# Raw data
####################

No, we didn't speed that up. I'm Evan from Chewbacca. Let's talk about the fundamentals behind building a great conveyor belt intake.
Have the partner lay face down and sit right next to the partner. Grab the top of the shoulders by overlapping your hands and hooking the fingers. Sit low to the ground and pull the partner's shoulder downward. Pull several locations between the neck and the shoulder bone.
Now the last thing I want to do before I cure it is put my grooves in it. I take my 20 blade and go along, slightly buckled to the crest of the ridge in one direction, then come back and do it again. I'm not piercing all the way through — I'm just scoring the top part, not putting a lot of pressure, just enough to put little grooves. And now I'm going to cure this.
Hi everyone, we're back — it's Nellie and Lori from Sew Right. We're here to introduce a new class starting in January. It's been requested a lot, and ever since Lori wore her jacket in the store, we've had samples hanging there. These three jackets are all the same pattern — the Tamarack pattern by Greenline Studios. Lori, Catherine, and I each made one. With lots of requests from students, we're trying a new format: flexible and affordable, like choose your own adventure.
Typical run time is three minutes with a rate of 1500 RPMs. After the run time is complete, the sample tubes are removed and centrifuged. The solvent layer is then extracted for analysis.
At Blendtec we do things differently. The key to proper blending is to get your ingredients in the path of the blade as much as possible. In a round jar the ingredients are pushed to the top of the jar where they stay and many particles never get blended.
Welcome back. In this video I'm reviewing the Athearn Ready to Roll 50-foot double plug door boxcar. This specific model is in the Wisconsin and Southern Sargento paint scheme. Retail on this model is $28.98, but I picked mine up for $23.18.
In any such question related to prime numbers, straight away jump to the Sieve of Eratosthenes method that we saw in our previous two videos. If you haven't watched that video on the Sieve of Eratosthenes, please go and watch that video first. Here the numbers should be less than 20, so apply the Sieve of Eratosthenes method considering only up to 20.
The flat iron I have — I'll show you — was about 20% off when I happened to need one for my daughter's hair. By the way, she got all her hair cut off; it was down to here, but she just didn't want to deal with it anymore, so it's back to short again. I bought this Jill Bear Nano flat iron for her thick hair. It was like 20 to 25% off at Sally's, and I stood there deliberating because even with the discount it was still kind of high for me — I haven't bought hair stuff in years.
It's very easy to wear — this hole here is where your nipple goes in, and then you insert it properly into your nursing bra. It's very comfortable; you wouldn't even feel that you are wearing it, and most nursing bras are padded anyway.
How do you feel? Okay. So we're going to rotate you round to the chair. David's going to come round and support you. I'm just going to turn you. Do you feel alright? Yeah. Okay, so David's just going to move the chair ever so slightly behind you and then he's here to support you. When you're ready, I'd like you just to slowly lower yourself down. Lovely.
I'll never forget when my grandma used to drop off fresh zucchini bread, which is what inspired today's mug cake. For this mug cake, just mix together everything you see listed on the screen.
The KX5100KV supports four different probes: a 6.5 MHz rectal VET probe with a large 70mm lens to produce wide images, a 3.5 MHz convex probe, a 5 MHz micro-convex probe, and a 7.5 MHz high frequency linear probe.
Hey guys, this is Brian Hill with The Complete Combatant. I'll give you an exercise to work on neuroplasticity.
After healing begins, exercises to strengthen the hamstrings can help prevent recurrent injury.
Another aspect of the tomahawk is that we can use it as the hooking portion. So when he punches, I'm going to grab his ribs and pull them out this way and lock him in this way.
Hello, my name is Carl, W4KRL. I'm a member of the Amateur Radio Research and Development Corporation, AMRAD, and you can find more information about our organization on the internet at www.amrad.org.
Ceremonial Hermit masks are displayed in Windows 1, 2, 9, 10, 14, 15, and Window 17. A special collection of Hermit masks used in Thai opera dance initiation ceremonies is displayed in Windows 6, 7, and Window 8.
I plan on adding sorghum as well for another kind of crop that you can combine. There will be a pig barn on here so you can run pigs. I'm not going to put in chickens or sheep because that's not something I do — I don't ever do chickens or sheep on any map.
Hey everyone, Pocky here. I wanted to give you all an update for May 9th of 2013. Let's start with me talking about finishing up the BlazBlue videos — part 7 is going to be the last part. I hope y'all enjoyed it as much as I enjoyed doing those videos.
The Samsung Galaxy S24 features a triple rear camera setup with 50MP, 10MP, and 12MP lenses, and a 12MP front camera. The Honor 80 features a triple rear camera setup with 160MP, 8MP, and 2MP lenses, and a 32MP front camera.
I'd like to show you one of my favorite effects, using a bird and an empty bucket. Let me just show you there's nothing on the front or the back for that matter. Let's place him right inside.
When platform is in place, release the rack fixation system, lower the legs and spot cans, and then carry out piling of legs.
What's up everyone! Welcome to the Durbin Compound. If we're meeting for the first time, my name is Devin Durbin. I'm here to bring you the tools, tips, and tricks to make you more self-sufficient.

####################

# Exercise description
Check each line above for the string "from" and copy the ones that have it.

# Task answer
No, we didn't speed that up. I'm Evan from Chewbacca. Let's talk about the fundamentals behind building a great conveyor belt intake.
Hi everyone, we're back — it's Nellie and Lori from Sew Right. We're here to introduce a new class starting in January. It's been requested a lot, and ever since Lori wore her jacket in the store, we've had samples hanging there. These three jackets are all the same pattern — the Tamarack pattern by Greenline Studios. Lori, Catherine, and I each made one. With lots of requests from students, we're trying a new format: flexible and affordable, like choose your own adventure.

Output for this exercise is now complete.